Why is Guns N’ Roses in the news?
It’s so easy to avoid getting sued by Axl Rose: simply avoid naming your business something that implies it might be affiliated with his eighties heavy-metal band. That’s a lesson that the owners of a Houston-area online store called Texas Guns and Roses learned the hard way last week, after they were served with a trademark lawsuit by attorneys for the group. The suit alleges that the store’s name is “likely to cause confusion.”
Uh-oh. Sounds like the band’s approach to potential trademark infringement isn’t exactly “anything goes.”
The shop’s owners may have believed they were in paradise city when they launched the concept, which is a store that sells guns, gun accessories, and roses, but the band felt otherwise. Some trademark holders take a live-and-let-live approach when confronting possible infringement of a somewhat dubious nature—it’s unlikely anyone believes that Axl and the boys opened a shop in Texas and dropped their predilection for abbreviating “and” as “N’ ” (a bit to which Rose is particularly committed). In this case, though, it appears that GNR’s approach is more live and let die.

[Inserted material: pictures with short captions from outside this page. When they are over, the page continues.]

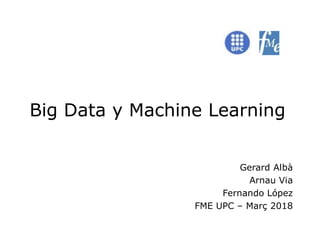 Big Data y Machine Learning
Gerard Albà
Arnau Via
Fernando López
FME UPC – Març 2018
 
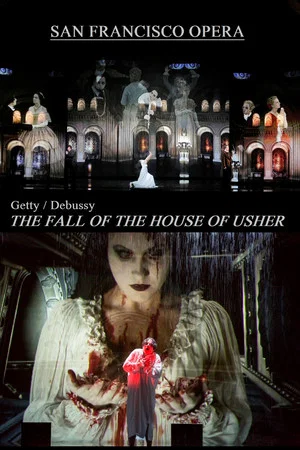 Постер: The Fall of the House of Usher: Usher House / La Chute De La Maison Usher - San Francisco Opera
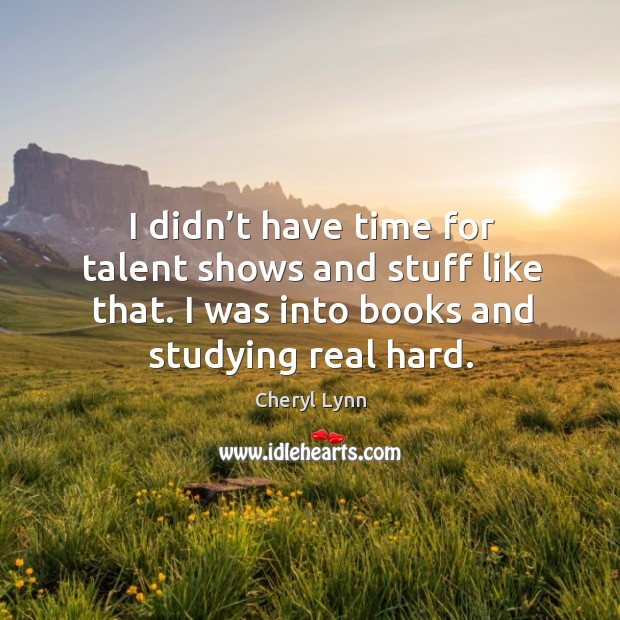 I didn’t have time for talent shows and stuff like that. I was into books and studying real hard. Cheryl Lynn Picture Quote
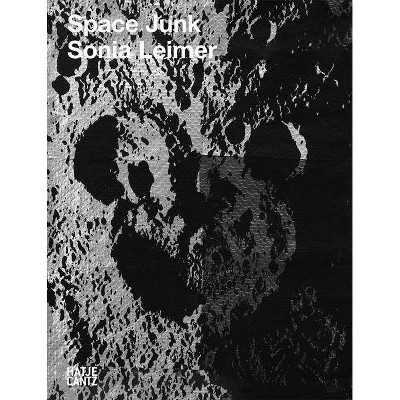 Sonia Leimer: Space Junk - (Paperback)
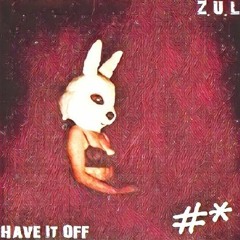 Have It Off by Z.U.L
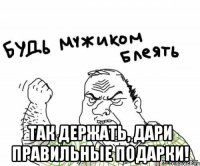  так держать, дари правильные подарки!
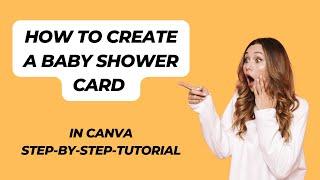 How to Design a Stunning Baby Shower Card in Canva | Easy Step-by-Step Tutorial.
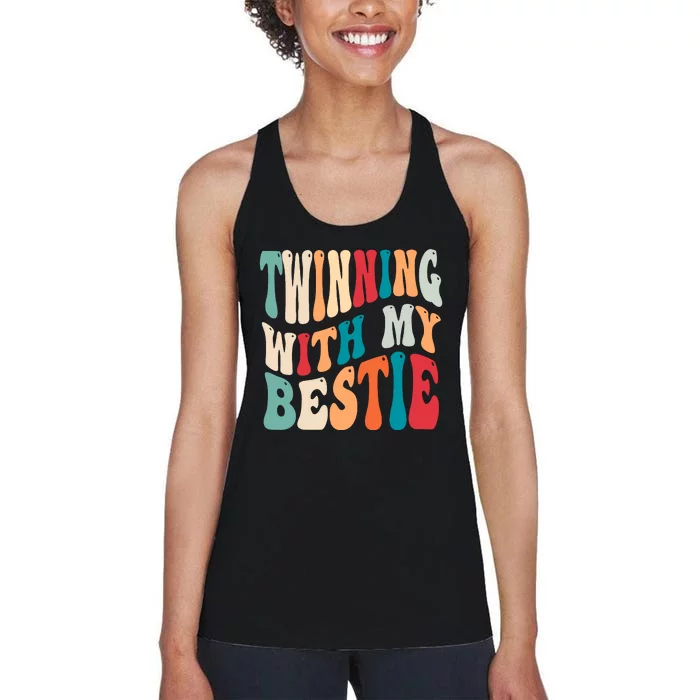 Twinning With My Bestie Twin Day Best Friend Spirit Week Women's Racerback Tank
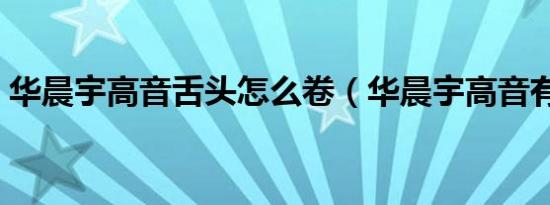 华晨宇高音舌头怎么卷（华晨宇高音有多高）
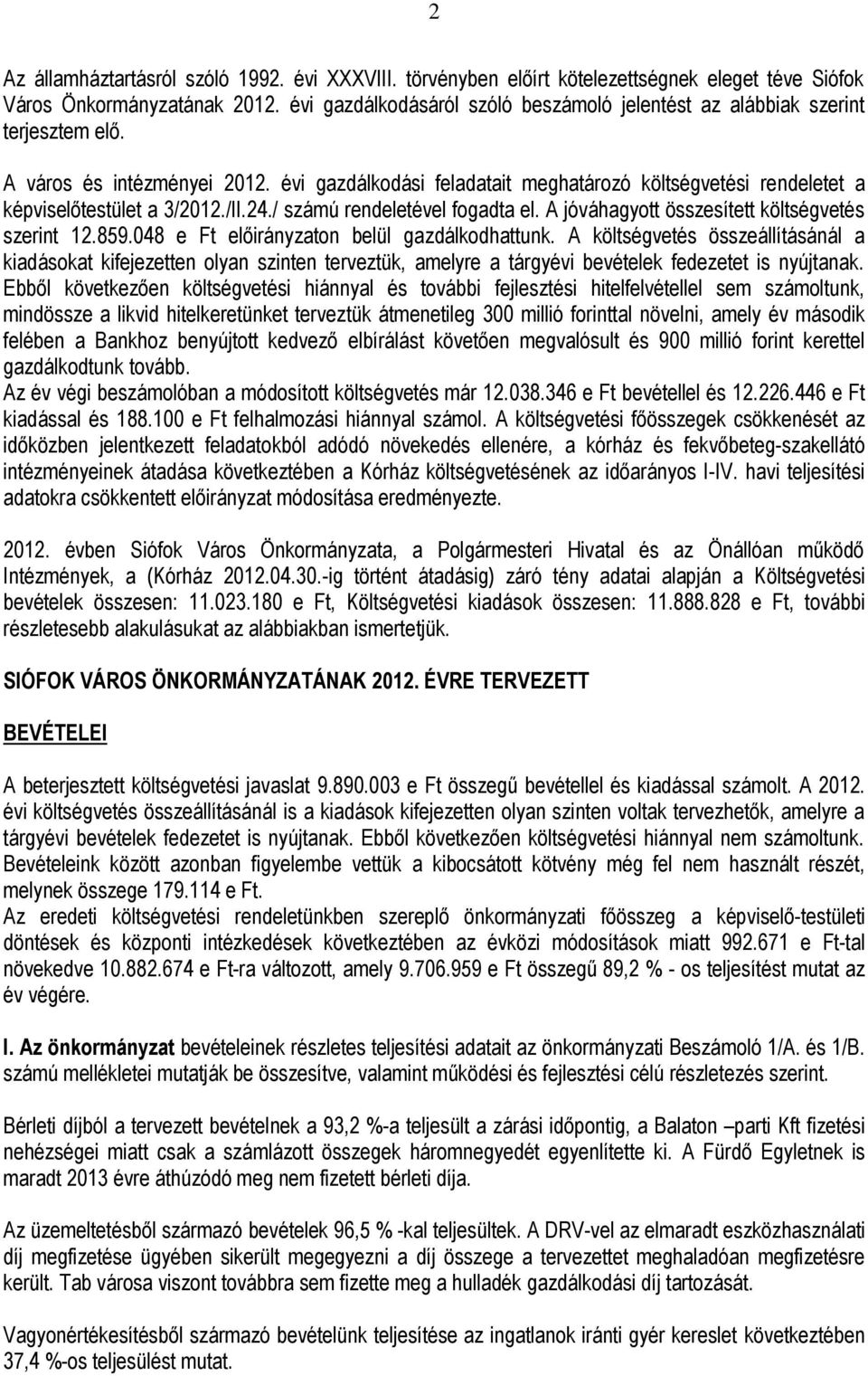 évi gazdálkodási feladatait meghatározó költségvetési rendeletet a képviselőtestület a 3/2012./II.24./ számú rendeletével fogadta el. A jóváhagyott összesített költségvetés szerint 12.859.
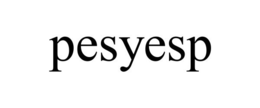 PESYESP trademark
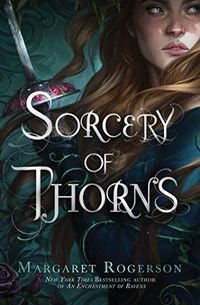 Sorcery of Thorns (English Edition)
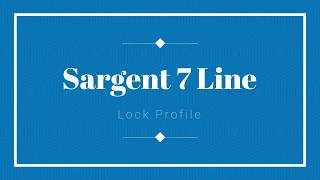 Sargent 7 Line  Lock Profile [upl. by Dreda]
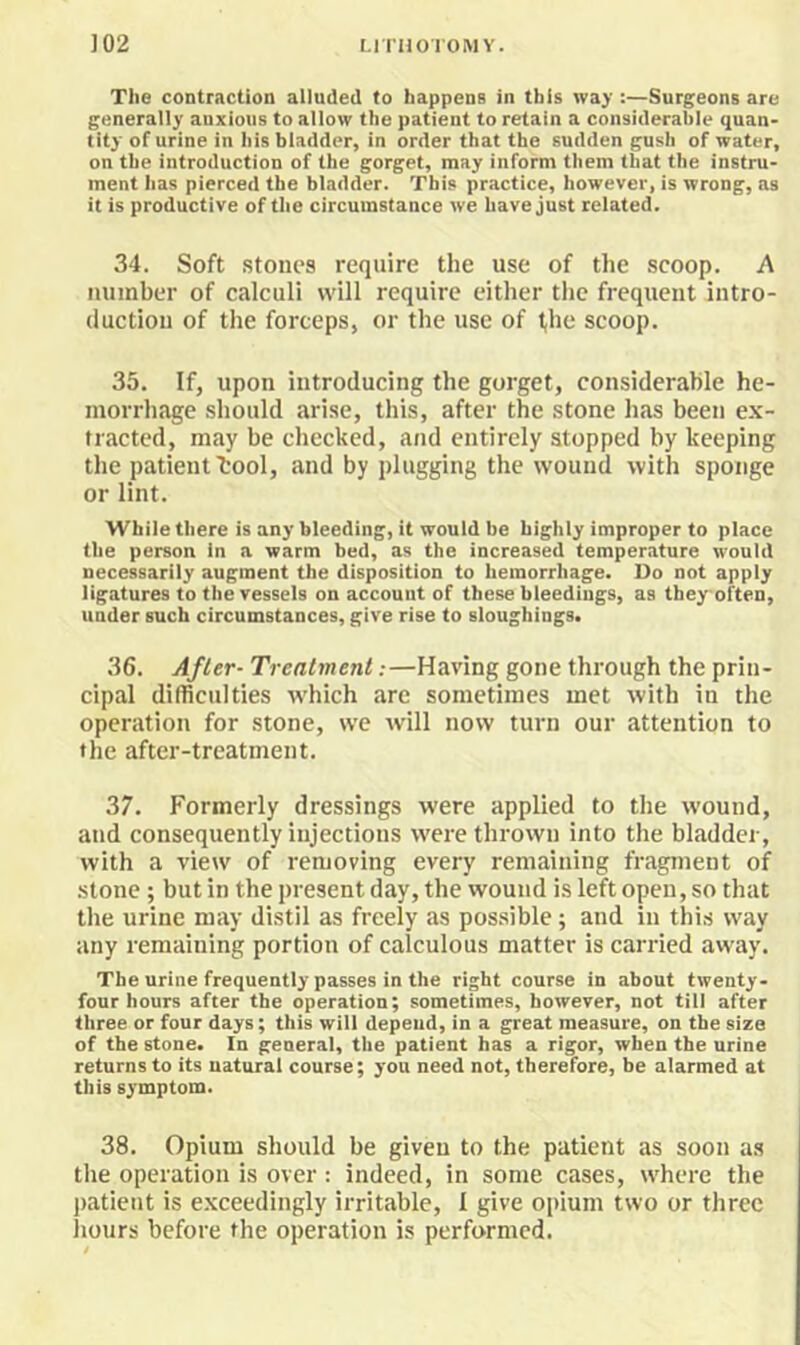 The contraction alluded to happens in this way :—Surgeons are generally anxious to allow the patient to retain a considerable quan- tity of urine in his bladder, in order that the sudden gush of water, on the introduction of the gorget, may inform them that the instru- ment has pierced the bladder. This practice, however, is wrong, as it is productive of the circumstance we have just related. 34. Soft stones require the use of the scoop. A number of calculi will require cither the frequent intro- duction of the forceps, or the use of l,he scoop. 35. If, upon introducing the gorget, considerable he- morrhage should arise, this, after the stone has been ex- tracted, may be checked, and entirely stopped by keeping the patient tool, and by plugging the wound with sponge or lint. While there is any bleeding, it would be highly improper to place the person in a warm bed, as the increased temperature would necessarily augment the disposition to hemorrhage. Do not apply ligatures to the vessels on account of these bleedings, as they often, under such circumstances, give rise to sloughings. 36. After- Treatment:—Having gone through the prin- cipal difficulties which are sometimes met with in the operation for stone, we will now turn our attention to the after-treatment. 37. Formerly dressings were applied to the wound, and consequently injections were thrown into the bladder, with a view of removing every remaining fragment of .stone ; but in the present day, the wound is left open, so that the urine may distil as freely as pos.sible; and in this way any remaining portion of calculous matter is carried away. The urine frequently passes in the right course in about twenty- four hours after the operation; sometimes, however, not till after three or four days; this will depend, in a great measure, on the size of the stone. In general, the patient has a rigor, when the urine returns to its natural course; you need not, therefore, be alarmed at this symptom. 38. Opium should be given to the patient as soon as the operation is over: indeed, in some cases, where the ))atient is e.xceedingly irritable, I give opium two or three iiours before the operation is performed. t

Indeed. What else does the lawsuit say?
The suit goes beyond just the potential for confusion regarding whether customers might glimpse Axl or Slash behind the counter when they pop in for a bouquet and an AR-15. GNR’s civil war against the shop stems from the fact that Texas Guns and Roses has a political component to its website under a section of the site called “Firearms News,” where it advocates against firearm restrictions, expressing views that the members of the band don’t share. “GNR, quite reasonably, does not want to be associated with Defendant, a firearms and weapons retailer,” the lawsuit notes. “Furthermore, Defendant espouses political views related to the regulation and control of firearms and weapons on the Website that may be polarizing to many U.S. consumers.”
Sounds tricky. But the band doesn’t exactly stay away from polarizing subjects, does it?
That’s true, so don’t cry for it. In 1989, in response to a controversy surrounding the various slurs that appear in the lyrics of the song “One in a Million,” the New York Times ran a column with the headline “There’s a New Sound in Pop Music: Bigotry.” Two years later, Rose was accused of inciting a riot at a show in St. Louis, and he was found guilty of misdemeanor assault in the incident. More recently, he apologized for throwing his microphone into the crowd after a show last week in Australia, which allegedly led to a fan injury. Still, the lawsuit suggests that the band would prefer to create its own controversies, rather than deal with the aftermath of those created by an unaffiliated weapons shop–slash–florist. Accordingly, the band hopped on the locomotive to legal action.
You might say GNR took the night train past a cease-and-desist letter. What’s this store all about, anyway?
Visitors to TexasGunsAndRoses.com who are shopping for both of the normally disparate items are much more likely to find the former than the latter. The site lists its categories as: lower receivers (for firearms), handguns, rifles, shotguns, ammo, magazines, optics, knives, parts and gear (such as body armor), suppressors, and then one tab for “roses,” through which shoppers can purchase one of four available bouquets.
Lawsuits between small local businesses and large, well-established brands tend not to end well for the former, as anyone who’s ever been accused of violating the Buc-ee’s trademark is well aware. Buc-ee’s, for example, won a trademark infringement case before a jury in a lawsuit against a roadside gas station whose mascot was an alligator, which is definitely not a beaver—which tends to put the onus on the less-resourced defendant to either change its name or risk losing a fortune in legal fees and then changing its name anyway.
This sure could keep everyone pretty tied up. Is Texas Guns and Roses going to get in the ring with the band?
It looks that way for now. A lawyer for the shop told Gizmodo that the lawsuit acknowledges Guns N’ Roses has no evidence of confusion between the band and the store, and he indicated that the latter intends to push back: “We will be fighting back on this,” said Houston attorney David Clark. We’ll see how it plays out, but given the history of similar cases—in Texas and elsewhere—we wouldn’t be surprised to learn, once again, that nothing lasts forever in the cold November rain.